Malaria is still one of the leading causes of death in sub-Saharan Africa but there have been several advances in its control (WHO 2013).
Figure 1: Malaria endemicity in Uganda.
(PMI, Uganda 2013)
The figure above shows the malaria endemicity in Uganda, where 90 per cent of the population is at risk of malaria. Ninety-five per cent of the country shows high endemicity, while the remaining five per cent of the county consists of epidemic-prone transmission areas. These are in the highlands of the south and west, the eastern border with Kenya, and the north-eastern border with South Sudan. In the northern areas of Uganda, there is a high rate of infected mosquitoes (PMI, Uganda 2013). In sub-Saharan Africa, the incidence of malaria is growing rapidly and this may have a significant impact on the epidemiology of malaria (Robert et al., 2003). Although, generally, malaria transmission is lower in urban areas than in rural areas in Africa, this is not the case in Uganda. From Figure 1, it can be seen that there is high transmission in the north. In terms of eliminating the vectors, the parasite prevalence is important and a study by Thompson et al. (1997) showed that parasite prevalence may be heterogeneous within densely populated areas, clustering near mosquito breeding sites.
In 2009, a survey conducted by the Uganda Malaria Indicator Survey (UMIS) revealed that Plasmodium falciparum is the leading cause of malaria, being responsible for 99 per cent of cases while Plasmodium malariae was reported in 0.2 per cent of cases. Cases from Plasmodium ovale and Plasmodium vivax are very rare (UMIS, 2011).
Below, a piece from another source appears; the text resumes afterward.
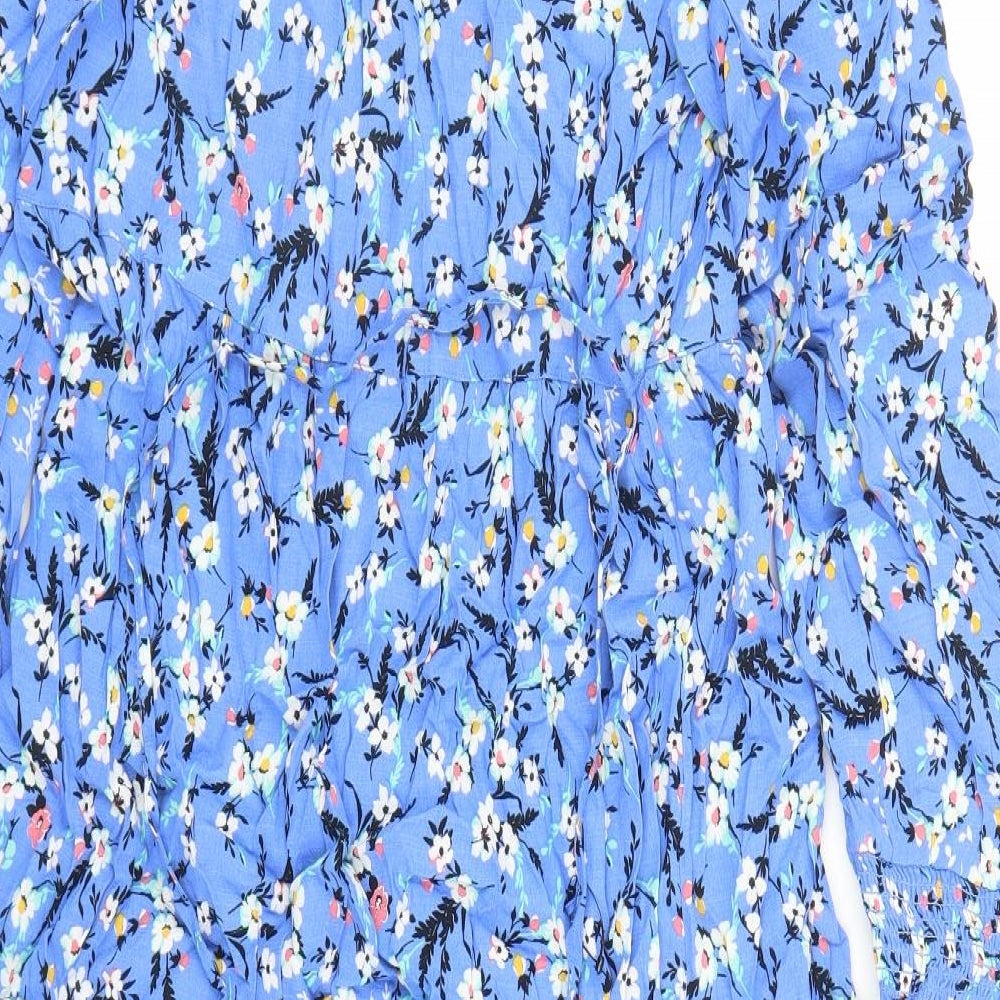Marks and Spencer Womens Blue Floral Viscose A-Line Size 10 V-Neck Pullover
The main vectors found in Uganda are Anopheles funestus, found at higher altitudes during the dry season, and Anopheles gambiae s.l. From Figure 1 above, it is clear that there is very high endemicity in the entire population in Uganda (World Malaria Report, 2013)
Table 1: The current situation in Kampala, Uganda: coverage and impact data from the Uganda Demographic and Health Survey (UDHS 2011) and the 2009 Uganda Malaria Indicator Survey (UMIS).
In Kampala, malaria is presently the leading cause of morbidity and absenteeism in schools and workplaces, and 60 per cent of the health budget is spent on its control (Uganda Ministry of Health, unpublished data). At present the major foci of malaria control in Kampala include case management, use of LLINs, presumptive treatment of malaria in pregnant women and environmental management (EM). EM, through a process of social mobilisation and community participation, is being encouraged by the Ministry of Health and includes filling in small water collections, clearing bushes around homes and closing windows early in the evening (World Malaria Report, 2013).
However, the purpose of LSM intervention is to establish whether this form of intervention supports malaria control and has an impact on the transmission of malaria, leading to a reduction in prevalence. Two areas in Kampala will be assessed in this intervention.
Some of the on-going interventions in controlling malaria in Kampala are case management, LLINs and IRS (Okia et al., 2013). This research compares LLINs with LSM. LLINs that are impregnated with insecticide are important because they act as a physical barrier protecting the sleeping individual from the vector. Increased use of LLINs will eventually reduce the density and survival of mosquitoes and reduce the frequency of their blood sucking (Gimnig et al., 2003). There is widespread resistance in Uganda due to the target site (kdr) and metabolic mechanisms. Therefore monitoring insecticide resistance is essential for vector control (Verhaeghen et al., 2010).
However, since LLINs are being distributed for free by the Government, it is important to promote and educate people of the benefits of sleeping underneath a net and how they are to be used. Wide-scale improvement in LLIN usage would eventually protect community members, including the vulnerable who do not own nets (Maxwell et al., 2002). However some studies have shown that moderate use of LLINs could actually increase the risk of malaria for unprotected people by causing the mosquitoes to divert from those using nets to those without. (Hii et al., 2001) (N’Guessan, Corbel, Akogbeto & Rowland, 2007) (Hargreaves et al., 2000).
The aim of the intervention reported here was to target the aquatic areas in one site using LSM to determine whether this would be beneficial as a control measure. Larvicides were introduced in 2012 (World Malaria report 2013) and the Ministry of Health introduced them in Uganda, using Temephos (Abate) to target breeding sites in northern Uganda. The NMPC also used larvicides to target man-made and natural breeding sites in central Kampala before extending their use to other districts (Miti, 2012).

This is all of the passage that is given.